Problem:
In the records below, find the line that contains "Игра Legion Gold" and the line that contains "The Superfun Adventures of Jax Trade". Set down exactly those lines and every line between them, and nothing more.

Material for this exercise:
+--
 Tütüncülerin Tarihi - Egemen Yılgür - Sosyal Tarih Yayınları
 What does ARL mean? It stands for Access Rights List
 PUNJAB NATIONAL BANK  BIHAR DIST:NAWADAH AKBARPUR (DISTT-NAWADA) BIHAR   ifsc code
+--
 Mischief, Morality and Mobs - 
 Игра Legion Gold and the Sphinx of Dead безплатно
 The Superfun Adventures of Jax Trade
+--
Exercise response:
 Игра Legion Gold and the Sphinx of Dead безплатно
 The Superfun Adventures of Jax Trade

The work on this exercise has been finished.